Dow, S&P 500, Nasdaq wobble as stocks rally cools

The stock market faced downside pressure on Thursday, with the Dow Jones Industrial Average, S&P 500, and Nasdaq all opening lower amid a wave of news developments.
Dow opened 190 points lower to extend its negative trend after closing -0.4% on Wednesday, while S&P 500, which welcomed its new member Coinbase during the previous session, was down 0.33%. Nasdaq also saw a slight pullback as it opened 0.50% down.
As stocks fell, the crypto market seemed to follow suit. Top assets Bitcoin (BTC) and Ethereum (ETH) declined by 1.3% to nearly $102k and 2.2% to $2,557 respectively. Oil prices also fell as the market reacted to Trump’s remarks about a potential nuclear deal with Iran.
Crypto and equities appeared to pull back as recent optimism around tariff rollbacks faded. In its place, new jitters emerged after Federal Reserve Chair Jerome Powell warned of the likelihood of higher long-term interest rates, citing persistent “supply shocks” as a continued challenge for policymakers.

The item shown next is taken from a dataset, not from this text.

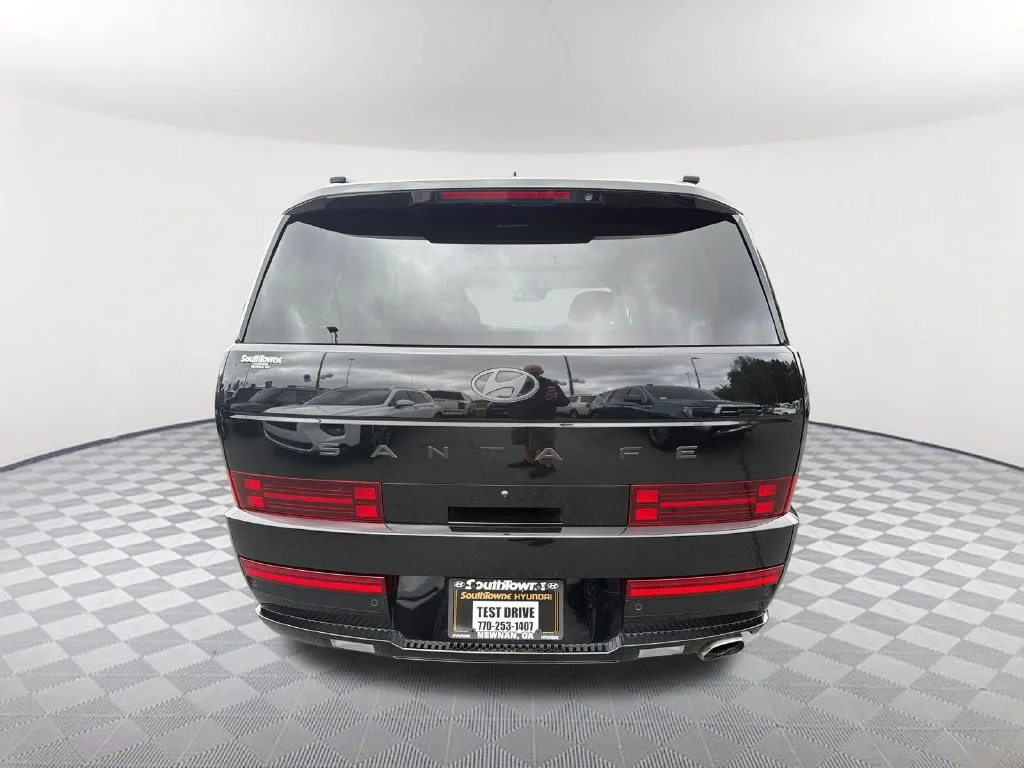 Used 2024 Black Hyundai Calligraphy image 6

“We may be entering a period of more frequent, and potentially more persistent, supply shocks – a difficult challenge for the economy and for central banks,” Powell said in a speech at the Thomas Laubach Research Conference in Washington, D.C.
The Fed chair’s comments came just days after the central bank held its benchmark borrowing rate steady. U.S. President Donald Trump criticized Powell over the decision, reiterating claims that the Fed chair is always “too late.”
On Thursday, fresh data showed that retail sales slowed sharply in April, as tariffs weighed on consumer spending.
Spending rose in March amid Trump’s tariffs and the tensions that followed. However, consumers cooled spending in April. The economic impact of a trade agreement between the U.S. and the U.K. will be one to watch. Investors previously cheered the deals, including the U.S.-China one that saw the global trading powerhouses de-escalate with a 90-day pause.
Powell’s remarks and the upcoming Producer Price Index will be in sharp focus going forward, with investors keen to understand what they could mean for interest rates and the broader economy.